Rapid Prototyping (a.k.a. 3D Printing) has been used commercially since the early ’80s as a way of speeding up and simplifying the development process of products such as cars, computers and other consumer goods. Industrial grade 3D printers cost tens of thousands of dollars, but now anyone can buy a relatively inexpensive one and print objects at home.
I brought in my Cupcake 3D printer — purchased as a kit from Makerbot for about $1,000 — to the office and demonstrated printing out a simple 3D object. Currently personal 3D printing is at about the same stage in its development as home computers were in the mid ’70s: If you wanted a computer you had to purchase a kit, build it and program it yourself. While a personal printer like the Cupcake is relatively crude in the quality of the objects it can print out and limited in the materials it can print with, the open-source nature of the technology is helping it to evolve rapidly. Early adopters have formed communities to share their knowledge, their designs for open-source objects, their improvements to their printers and their enthusiasm. Personal 3D Printing is becoming popular and newsworthy, with stories appearing on mainstream media such as CNN and the BBC.

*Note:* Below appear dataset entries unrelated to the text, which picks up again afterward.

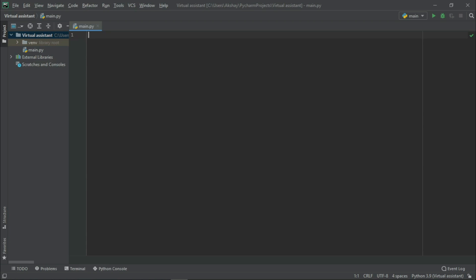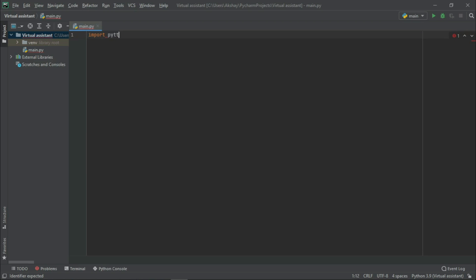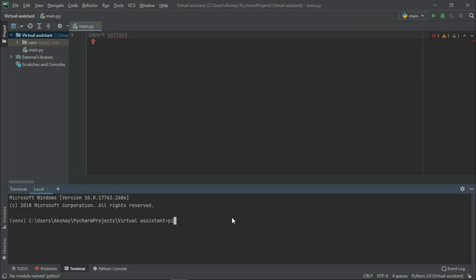Since this is a speech-recognition based software, we need to convert speech to text and text to speech. To convert text to speech, we have two popular modules: pyttsx3, which is the Python text-to-speech module, and gTTS, which is the Google text-to-speech module. I am working with pyttsx3, so let us import it by writing 'import pyttsx3'. Make sure the module is already installed. If not, go to the terminal and run 'pip install pyttsx3'.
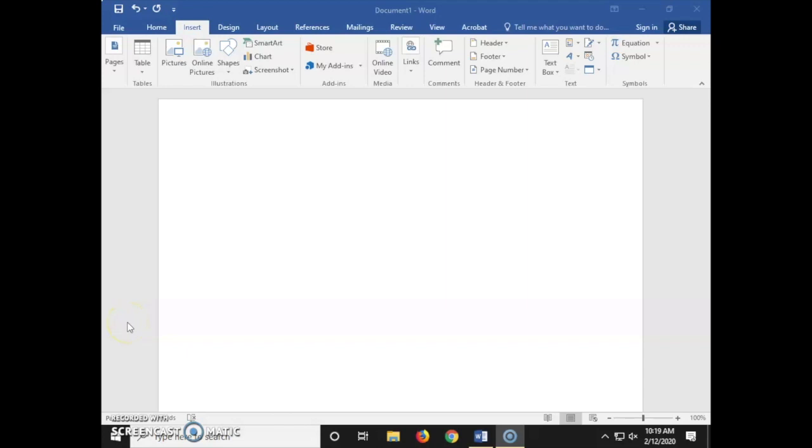This video is on how to create a normal curve using Word, and then we're going to do a practice problem with it.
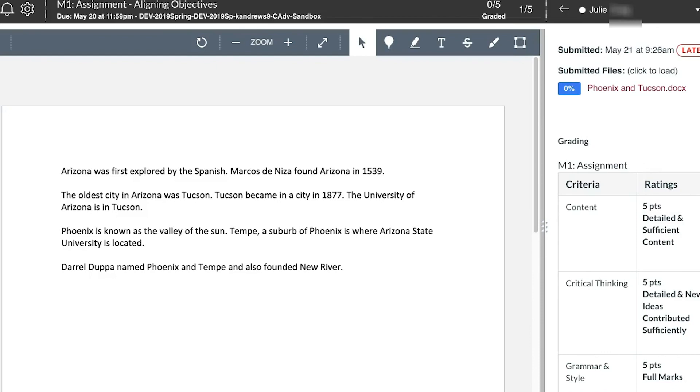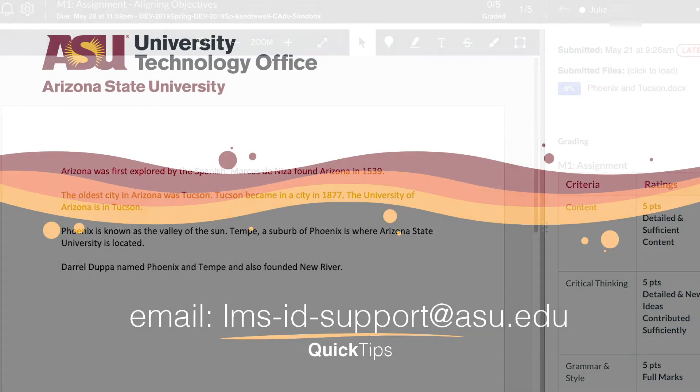You've just learned how to assign peer reviews with a rubric for an online assignment. Please check out our other videos for more quick tips.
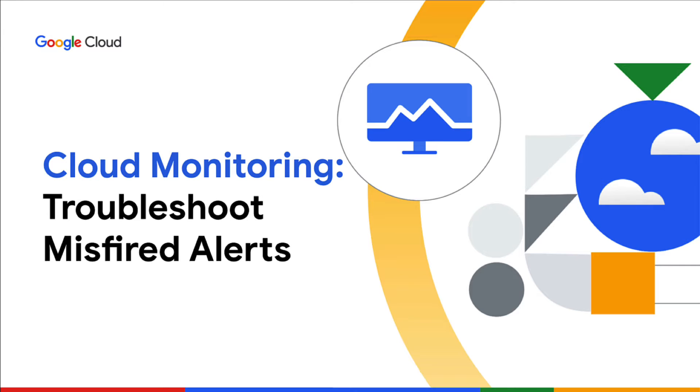No one really ever loves false alarms, especially when you're the first responder. So today, we'll cover how to troubleshoot unexpected incidents created by your cloud monitoring alerting policies.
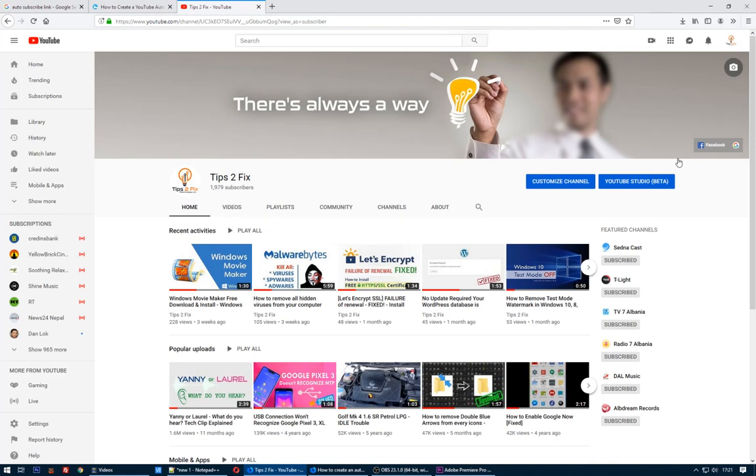Hello my followers, hello my subscribers, hello all of my friends. Today I will show you how to create an auto subscription link for your YouTube channel. You need this link to send with a message to your friends.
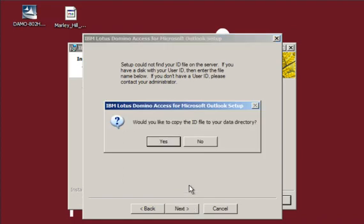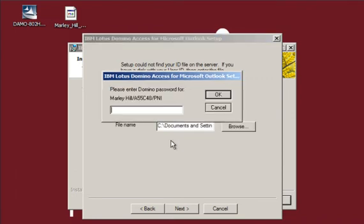After clicking Next, you'll be prompted if you'd like to place the ID file in your data directory. Go ahead and choose Yes. Then you will be prompted for your password.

3D Printing is quickly growing into a paradigm shift in how we manufacture, distribute and maintain legal rights to physical items…including our bodies.
The medical and dental industry is one of the biggest users of 3D printing, creating items such as wax-ups to create moulds for hearing aids and prosthetic limbs. But the bleeding edge of medical research is printing live cells onto support structures to create organs, such as a liver or heart. In the not-too-distant future we may no longer have waiting lists for people who need organ replacements, at least for people who can afford to have a new one printed.
Put your thinking caps on, because the ethical and legal issues that this potentially disruptive technology will raise is something that humankind will soon be challenged to find answers for.